A day before the deadline to file, Assemblymember David Chiu told his supporters Monday morning he will not run for San Francisco mayor.
Chiu’s announcement follows Sunday’s decision from Assessor-Recorder Carmen Chu that she will not run either. Without either jumping into the race, it appears no well-known Chinese candidate will compete in the contest.
“After discussions with my wife, friends and allies, I will not be running for Mayor this June,” Chiu announced on Facebook and in an email to his supporters.
Chiu said his decision was based on prioritizing his family and continuing his efforts in Sacramento where there is “more to fight for.”
“During my first three years, we have delivered on housing, transportation, immigrant protections and other areas, but our work is not done,” he wrote. “As California continues to lead the Resistance, our efforts at the state level are more important than ever.”
The June 5 mayor election was scheduled after Mayor Ed Lee, San Francisco’s first Chinese-American mayor, died unexpectedly Dec. 12 of a heart attack.
The election has created an intense few weeks of political maneuvering as elected officials weighed whether to compete in the June race. Before Lee died, the next scheduled mayoral race was in November 2019.

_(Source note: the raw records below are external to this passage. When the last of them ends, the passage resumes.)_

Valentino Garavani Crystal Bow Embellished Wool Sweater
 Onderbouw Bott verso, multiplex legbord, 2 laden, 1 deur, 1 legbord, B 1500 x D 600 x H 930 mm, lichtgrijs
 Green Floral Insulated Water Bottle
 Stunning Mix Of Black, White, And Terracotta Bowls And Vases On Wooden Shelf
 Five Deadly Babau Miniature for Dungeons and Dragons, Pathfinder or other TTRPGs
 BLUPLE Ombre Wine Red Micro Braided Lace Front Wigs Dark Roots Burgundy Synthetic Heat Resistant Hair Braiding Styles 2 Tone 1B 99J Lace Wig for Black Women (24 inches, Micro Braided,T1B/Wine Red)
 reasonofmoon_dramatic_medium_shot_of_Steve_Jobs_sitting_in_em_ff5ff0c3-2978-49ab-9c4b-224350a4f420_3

Chiu would have had give up the job security of his current Assembly seat if he were to run in the June race since he is up for re-election in the Assembly this June and couldn’t run for both positions.
Chiu’s first elected position was as a San Francisco supervisor representing District 3, including North Beach and Chinatown. He also served as board president. In 2014, Chiu won his current Assembly seat against his more progressive colleague on the board at the time, David Campos.

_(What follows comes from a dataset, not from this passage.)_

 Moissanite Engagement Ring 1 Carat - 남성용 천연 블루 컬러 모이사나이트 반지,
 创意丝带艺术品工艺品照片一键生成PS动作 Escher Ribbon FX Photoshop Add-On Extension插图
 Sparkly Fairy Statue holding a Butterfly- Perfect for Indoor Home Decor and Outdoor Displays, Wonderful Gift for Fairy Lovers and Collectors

Board of Supervisors President London Breed became acting mayor upon Lee’s death as prescribed by the city’s charter. If she continues to serve as mayor heading into June (she announced her candidacy in the race Friday), she has a significant advantage in the contest. A recent poll places state Sen. Mark Leno as the frontrunner with Breed not far behind.
Breed, a more moderate candidate, had early on picked up the support of former Mayor Willie Brown, who helped Lee become mayor, and the support of Ron Conway, a Silicon Valley angel investor and Lee’s prominent backer who encouraged making it easier for technology companies to flourish in San Francisco.
The board may vote whether to name Breed interim mayor as early as Jan. 16. If she is named interim mayor, she would give up her seat on the board, but Breed would need six votes on the board, which seems unlikely. Without the more moderate Breed being able to vote for herself, the board is split 5-5 between the moderate and progressive blocs. Inaction means Breed serves in both positions until June.
Other well-known candidates in the race include former Supervisor Angela Alioto, who filed to run for mayor last week. City Attorney Dennis Herrera and Supervisor Jane Kim have both pulled papers to run.
The deadline to file to run is Tuesday at 5 p.m.